Assigned task: Begin at the line below that has "Black aluminium computer" and stop after the line that has "Gậy Chụp Ảnh". Please restate only those lines, word for word.

Source material:

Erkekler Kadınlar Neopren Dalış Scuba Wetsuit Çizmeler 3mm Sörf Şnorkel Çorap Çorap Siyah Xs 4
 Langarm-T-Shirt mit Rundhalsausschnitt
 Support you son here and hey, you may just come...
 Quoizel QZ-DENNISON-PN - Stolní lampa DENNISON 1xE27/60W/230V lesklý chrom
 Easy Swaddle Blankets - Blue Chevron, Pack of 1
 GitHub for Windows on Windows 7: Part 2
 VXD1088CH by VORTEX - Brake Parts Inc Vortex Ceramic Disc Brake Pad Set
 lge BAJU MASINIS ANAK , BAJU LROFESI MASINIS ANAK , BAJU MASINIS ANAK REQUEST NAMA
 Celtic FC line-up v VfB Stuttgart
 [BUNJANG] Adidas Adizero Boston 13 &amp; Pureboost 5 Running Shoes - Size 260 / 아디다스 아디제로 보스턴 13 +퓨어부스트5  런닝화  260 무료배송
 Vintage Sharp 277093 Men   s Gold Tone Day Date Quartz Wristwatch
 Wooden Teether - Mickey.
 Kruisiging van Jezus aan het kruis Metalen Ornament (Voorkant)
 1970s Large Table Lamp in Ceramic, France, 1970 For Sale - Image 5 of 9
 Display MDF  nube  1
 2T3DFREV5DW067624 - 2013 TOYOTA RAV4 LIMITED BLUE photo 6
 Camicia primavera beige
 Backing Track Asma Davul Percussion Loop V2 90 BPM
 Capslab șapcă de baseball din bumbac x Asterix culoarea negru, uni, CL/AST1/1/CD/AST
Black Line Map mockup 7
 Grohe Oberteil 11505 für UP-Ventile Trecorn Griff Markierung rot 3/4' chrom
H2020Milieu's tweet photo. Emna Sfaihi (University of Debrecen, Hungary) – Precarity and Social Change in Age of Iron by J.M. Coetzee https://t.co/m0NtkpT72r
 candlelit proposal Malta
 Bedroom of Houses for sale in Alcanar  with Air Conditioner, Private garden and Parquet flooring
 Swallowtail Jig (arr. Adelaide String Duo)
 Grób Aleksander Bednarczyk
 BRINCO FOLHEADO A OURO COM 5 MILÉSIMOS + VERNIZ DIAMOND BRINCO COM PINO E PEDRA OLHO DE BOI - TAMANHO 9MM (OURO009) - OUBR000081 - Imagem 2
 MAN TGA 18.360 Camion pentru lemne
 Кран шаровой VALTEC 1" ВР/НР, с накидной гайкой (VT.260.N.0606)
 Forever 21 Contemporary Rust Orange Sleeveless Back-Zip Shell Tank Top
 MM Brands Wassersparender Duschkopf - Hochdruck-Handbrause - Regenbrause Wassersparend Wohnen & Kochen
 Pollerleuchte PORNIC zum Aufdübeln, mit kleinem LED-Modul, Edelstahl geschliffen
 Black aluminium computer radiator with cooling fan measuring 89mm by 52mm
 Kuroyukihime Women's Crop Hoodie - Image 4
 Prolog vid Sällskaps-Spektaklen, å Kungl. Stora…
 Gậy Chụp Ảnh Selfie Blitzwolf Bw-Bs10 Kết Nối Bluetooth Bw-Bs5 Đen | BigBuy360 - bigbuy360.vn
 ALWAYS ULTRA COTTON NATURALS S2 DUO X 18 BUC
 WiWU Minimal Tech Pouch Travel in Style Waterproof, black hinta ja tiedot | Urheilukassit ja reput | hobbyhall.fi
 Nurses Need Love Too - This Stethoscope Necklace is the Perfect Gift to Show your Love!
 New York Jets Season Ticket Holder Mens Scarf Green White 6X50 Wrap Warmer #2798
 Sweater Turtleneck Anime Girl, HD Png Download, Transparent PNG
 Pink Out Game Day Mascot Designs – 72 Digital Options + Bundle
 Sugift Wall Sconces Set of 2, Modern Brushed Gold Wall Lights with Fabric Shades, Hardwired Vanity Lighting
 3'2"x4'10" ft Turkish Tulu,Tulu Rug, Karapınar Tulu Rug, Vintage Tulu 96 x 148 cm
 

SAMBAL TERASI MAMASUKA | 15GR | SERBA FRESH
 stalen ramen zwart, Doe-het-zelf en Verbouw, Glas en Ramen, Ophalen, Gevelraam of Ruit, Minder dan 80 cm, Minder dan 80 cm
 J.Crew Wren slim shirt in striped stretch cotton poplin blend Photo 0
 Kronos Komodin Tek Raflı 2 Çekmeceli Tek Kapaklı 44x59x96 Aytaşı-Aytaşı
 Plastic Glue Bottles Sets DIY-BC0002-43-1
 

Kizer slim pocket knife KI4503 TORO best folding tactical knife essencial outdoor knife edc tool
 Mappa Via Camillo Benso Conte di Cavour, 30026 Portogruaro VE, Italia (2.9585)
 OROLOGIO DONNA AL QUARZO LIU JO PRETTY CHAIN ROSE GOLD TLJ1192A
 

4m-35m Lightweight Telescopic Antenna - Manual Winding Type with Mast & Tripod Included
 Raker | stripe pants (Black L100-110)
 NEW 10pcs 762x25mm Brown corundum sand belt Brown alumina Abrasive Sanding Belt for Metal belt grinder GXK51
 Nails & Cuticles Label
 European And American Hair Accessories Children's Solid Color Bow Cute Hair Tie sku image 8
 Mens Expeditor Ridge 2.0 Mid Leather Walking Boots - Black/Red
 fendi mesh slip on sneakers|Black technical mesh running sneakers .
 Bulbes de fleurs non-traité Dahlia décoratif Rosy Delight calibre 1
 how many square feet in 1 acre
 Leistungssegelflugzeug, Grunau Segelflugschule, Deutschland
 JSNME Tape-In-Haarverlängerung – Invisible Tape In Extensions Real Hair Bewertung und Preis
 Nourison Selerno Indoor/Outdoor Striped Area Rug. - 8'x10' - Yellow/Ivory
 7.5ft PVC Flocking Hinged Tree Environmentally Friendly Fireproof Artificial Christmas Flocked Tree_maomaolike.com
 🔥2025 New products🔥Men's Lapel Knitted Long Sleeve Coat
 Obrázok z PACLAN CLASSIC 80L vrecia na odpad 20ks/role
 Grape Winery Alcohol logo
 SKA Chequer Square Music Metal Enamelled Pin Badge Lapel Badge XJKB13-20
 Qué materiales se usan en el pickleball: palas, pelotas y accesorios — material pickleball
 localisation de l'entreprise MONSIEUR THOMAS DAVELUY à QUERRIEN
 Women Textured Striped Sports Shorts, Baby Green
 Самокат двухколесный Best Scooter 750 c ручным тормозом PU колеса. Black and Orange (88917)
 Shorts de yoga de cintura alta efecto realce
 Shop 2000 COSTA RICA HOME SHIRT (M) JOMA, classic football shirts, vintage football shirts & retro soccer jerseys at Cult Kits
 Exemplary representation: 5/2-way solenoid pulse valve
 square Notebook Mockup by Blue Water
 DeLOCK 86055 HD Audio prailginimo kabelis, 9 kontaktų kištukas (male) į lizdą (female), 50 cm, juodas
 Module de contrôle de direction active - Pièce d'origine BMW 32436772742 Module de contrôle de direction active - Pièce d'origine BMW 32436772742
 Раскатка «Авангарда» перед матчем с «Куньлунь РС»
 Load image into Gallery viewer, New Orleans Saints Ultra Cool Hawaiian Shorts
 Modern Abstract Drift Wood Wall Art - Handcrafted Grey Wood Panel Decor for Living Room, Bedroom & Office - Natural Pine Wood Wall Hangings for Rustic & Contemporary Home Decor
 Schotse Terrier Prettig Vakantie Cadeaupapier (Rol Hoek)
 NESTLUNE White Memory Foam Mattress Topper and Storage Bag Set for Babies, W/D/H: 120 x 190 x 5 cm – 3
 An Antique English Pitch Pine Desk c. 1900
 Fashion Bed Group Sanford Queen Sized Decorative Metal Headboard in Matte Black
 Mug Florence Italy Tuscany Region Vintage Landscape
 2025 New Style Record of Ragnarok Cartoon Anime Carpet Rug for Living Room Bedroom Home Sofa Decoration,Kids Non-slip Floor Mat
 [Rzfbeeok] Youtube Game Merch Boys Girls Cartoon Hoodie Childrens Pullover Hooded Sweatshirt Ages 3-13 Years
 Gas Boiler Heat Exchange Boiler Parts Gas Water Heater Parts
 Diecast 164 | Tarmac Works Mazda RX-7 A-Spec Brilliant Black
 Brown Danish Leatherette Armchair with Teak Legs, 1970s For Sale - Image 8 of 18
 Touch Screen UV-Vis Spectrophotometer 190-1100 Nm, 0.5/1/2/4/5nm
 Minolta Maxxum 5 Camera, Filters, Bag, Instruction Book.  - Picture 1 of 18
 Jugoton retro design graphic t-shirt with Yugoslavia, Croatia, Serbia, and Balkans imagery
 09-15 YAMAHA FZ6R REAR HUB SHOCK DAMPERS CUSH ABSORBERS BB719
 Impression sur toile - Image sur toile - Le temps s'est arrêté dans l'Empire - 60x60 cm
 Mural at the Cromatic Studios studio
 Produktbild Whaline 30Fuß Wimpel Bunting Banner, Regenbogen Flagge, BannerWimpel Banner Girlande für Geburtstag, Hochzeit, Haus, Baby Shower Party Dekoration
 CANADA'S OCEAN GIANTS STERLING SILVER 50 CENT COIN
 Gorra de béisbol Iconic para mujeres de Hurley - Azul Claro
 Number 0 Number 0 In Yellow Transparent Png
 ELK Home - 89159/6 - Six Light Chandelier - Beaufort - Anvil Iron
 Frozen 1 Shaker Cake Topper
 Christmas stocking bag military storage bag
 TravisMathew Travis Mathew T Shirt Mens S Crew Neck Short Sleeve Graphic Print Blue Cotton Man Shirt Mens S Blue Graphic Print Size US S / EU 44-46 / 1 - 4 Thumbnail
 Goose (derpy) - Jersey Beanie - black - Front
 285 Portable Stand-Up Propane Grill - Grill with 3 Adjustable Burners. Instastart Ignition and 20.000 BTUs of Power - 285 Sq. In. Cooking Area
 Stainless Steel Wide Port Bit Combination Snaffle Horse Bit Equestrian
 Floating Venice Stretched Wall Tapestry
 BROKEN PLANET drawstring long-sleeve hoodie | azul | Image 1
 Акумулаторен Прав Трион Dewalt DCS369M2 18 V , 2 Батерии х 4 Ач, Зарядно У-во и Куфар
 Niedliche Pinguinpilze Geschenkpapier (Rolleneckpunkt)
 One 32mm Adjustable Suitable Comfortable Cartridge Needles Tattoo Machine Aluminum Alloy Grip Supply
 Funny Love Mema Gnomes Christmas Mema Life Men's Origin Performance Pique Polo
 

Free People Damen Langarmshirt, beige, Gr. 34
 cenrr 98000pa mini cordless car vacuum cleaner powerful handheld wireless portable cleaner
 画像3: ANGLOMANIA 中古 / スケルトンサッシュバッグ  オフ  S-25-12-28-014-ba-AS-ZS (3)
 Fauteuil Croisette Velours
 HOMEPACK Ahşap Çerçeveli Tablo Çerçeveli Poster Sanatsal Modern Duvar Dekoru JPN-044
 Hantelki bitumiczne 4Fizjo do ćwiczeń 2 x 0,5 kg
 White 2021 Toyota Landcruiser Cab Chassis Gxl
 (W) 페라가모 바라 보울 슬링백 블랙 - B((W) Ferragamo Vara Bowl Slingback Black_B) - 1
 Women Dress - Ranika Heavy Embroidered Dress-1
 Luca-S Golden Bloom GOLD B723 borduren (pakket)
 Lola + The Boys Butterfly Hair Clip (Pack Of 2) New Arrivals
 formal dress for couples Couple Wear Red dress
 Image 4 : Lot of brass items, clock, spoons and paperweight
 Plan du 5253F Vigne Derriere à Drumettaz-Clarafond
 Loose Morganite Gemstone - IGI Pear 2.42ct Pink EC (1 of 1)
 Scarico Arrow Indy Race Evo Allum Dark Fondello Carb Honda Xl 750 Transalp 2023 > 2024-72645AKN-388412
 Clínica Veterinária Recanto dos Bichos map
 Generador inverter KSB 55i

Final answer:
 Black aluminium computer radiator with cooling fan measuring 89mm by 52mm
 Kuroyukihime Women's Crop Hoodie - Image 4
 Prolog vid Sällskaps-Spektaklen, å Kungl. Stora…
 Gậy Chụp Ảnh Selfie Blitzwolf Bw-Bs10 Kết Nối Bluetooth Bw-Bs5 Đen | BigBuy360 - bigbuy360.vn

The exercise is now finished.